Yes my TomTom accepts anything but some others dont so why dont they just put the decimal I.e 46.333333?

Its just easier to enter as well.


----------



## 113016 (Jun 5, 2008)

We did find one was wrong last year. 
The Coordinates were for another town with a similar name, but in a different area


----------



## rosalan (Aug 24, 2009)

Yes my TomTom has so far not missed a beat when finding a site.
It is well worth downloading the POI from T.T. library where there seem to be far more Aires than even V.Books include but of course they include none of the supporting information. The USB is catching up quickly too.
Alan


----------



## geraldandannie (Jun 4, 2006)

One of the things about the downloaded POIs is that it doesn't tell you what type of aire it is.

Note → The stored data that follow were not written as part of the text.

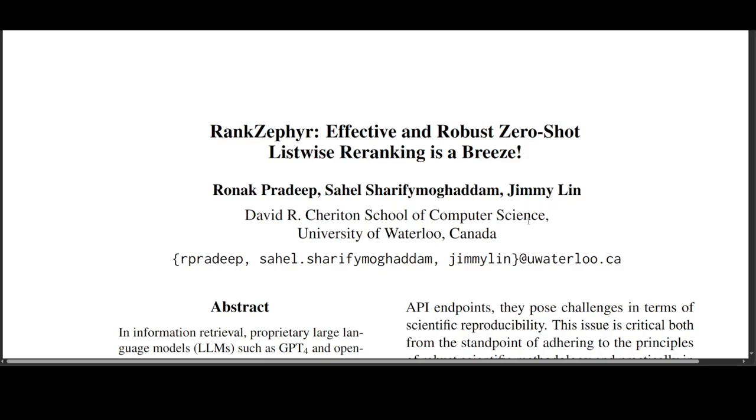In this paper, they present RankZephyr, a novel open source LLM optimized for zero-shot listwise re-ranking. Their extensive experiments demonstrate that RankZephyr matches and occasionally surpasses the effectiveness of much larger proprietary models such as RankGPT-4.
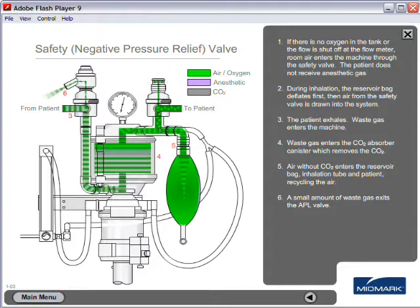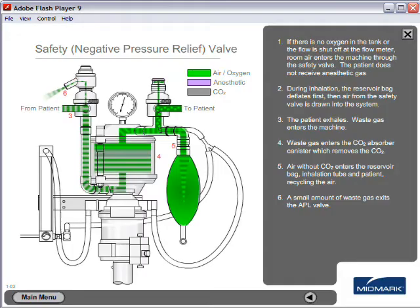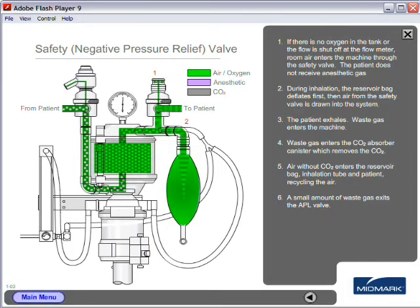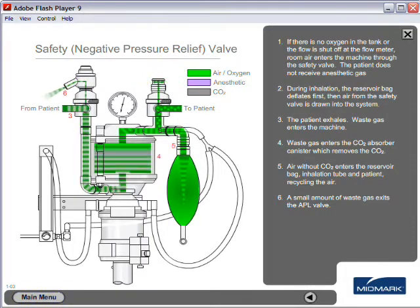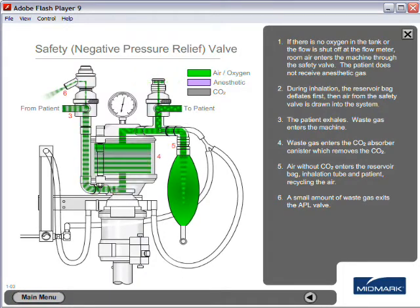Air without CO2 enters the reservoir bag and inhalation tube, recycling the air back to the patient. A small amount of waste gas exits the APL valve.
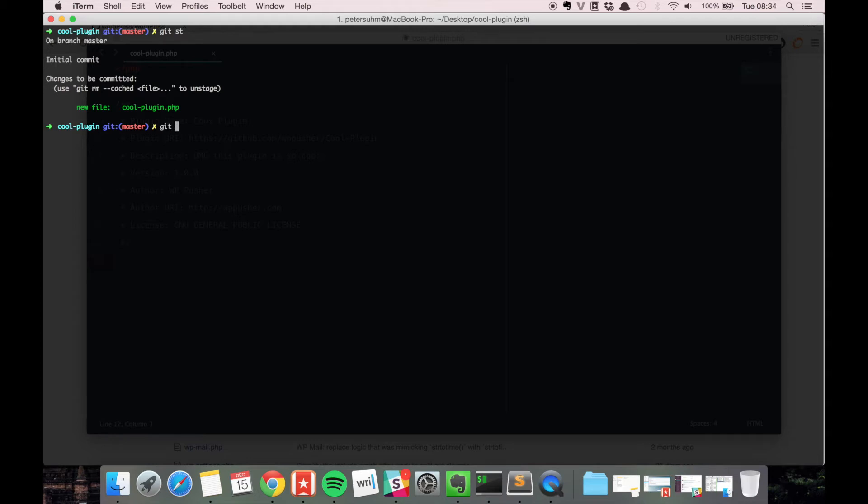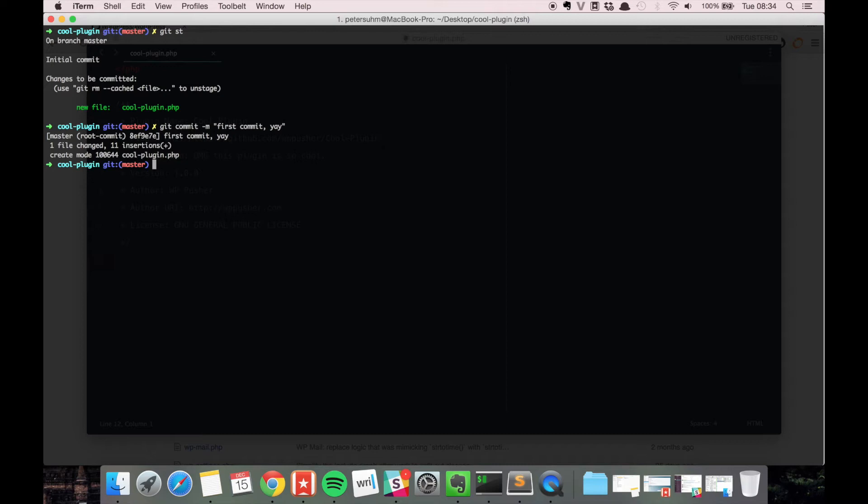is to run the git commit command and then add a message. Here we're just going to type something like 'first commit yay'. One file changed, 11 insertions, create mode, and we now committed our first file to git.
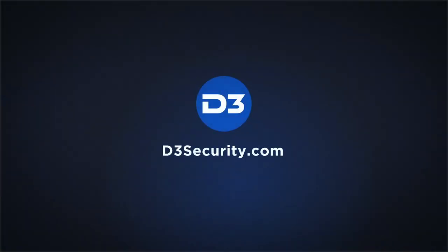Visit D3Security.com to find out why leading organizations around the world rely on D3.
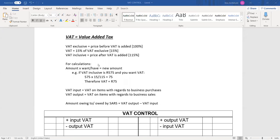For the calculations, they can give you certain amounts and ask you for either the exclusive or inclusive VAT. There is a formula you can use literally for any VAT calculation. You take the amount that you have and multiply by a fraction. The fraction is 'want over have', and it has to do with the percentages.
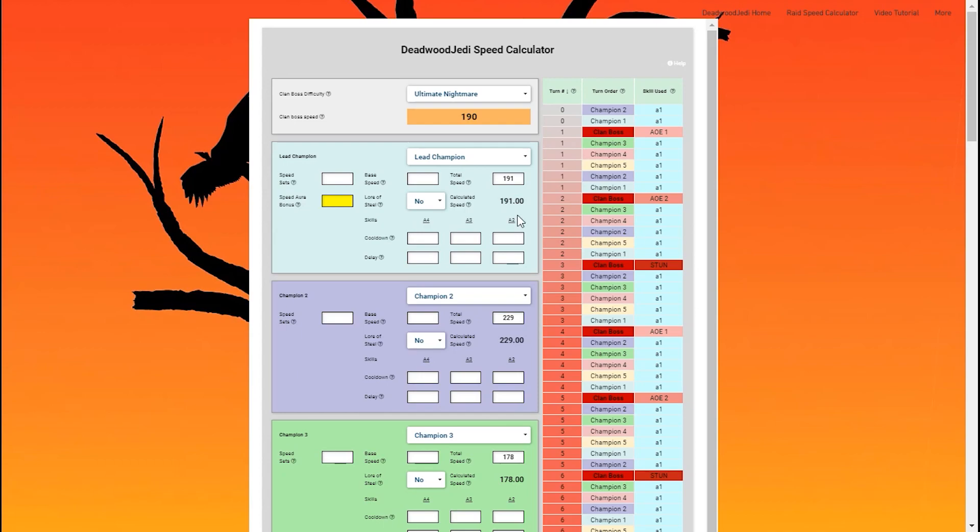Guys, that's all you need to get started using the calculator. Just put in the speeds, choose the difficulty, and it populates for you. There's a lot more the calculator can do. I did build in ways to track the skills the champions are using, as well as you get a calculated speed so that your speed tune is precise.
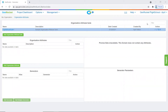Hello and welcome. In this video tutorial, we will show how to create an organization attribute. Organization attributes provide a way to reference an attribute at the organization level, and allow an attribute's generated value to be referenced by multiple projects. They are organized and managed through organization attribute suites.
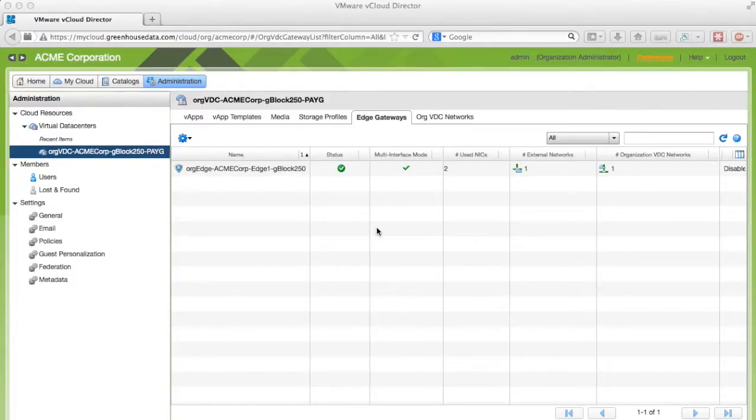Welcome to Greenhouse Data's Frequently Asked Questions video series. In this video we're going to demonstrate how to assign a public IP address to your server.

Many of them are just service points, and not _aires de stationnment_.

Gerald


----------



## 113016 (Jun 5, 2008)

Grath said:


> We did find one was wrong last year.
> The Coordinates were for another town with a similar name, but in a different area


Just done a re check and I was wrong about the details.
The Cords are correct but the position on the main map is wrong.
It is Auterive page 359 and number 22 on the map.
It's position on the map should be just below number 59 at Muret


----------



## Zebedee (Oct 3, 2007)

geraldandannie said:


> One of the things about the downloaded POIs is that it doesn't tell you what type of aire it is. Many of them are just service points, and not _aires de stationnment_.
> Gerald


Depends where you download them from Gerald. :wink:

I can't remember where I got mine from (might have been Archies ?) but I have two sets - one for proper Aires and another set for Aires de Stationnement.

They are in .csv format for Autoroute, and have been posted on here fairly recently if you want them.

Dave


----------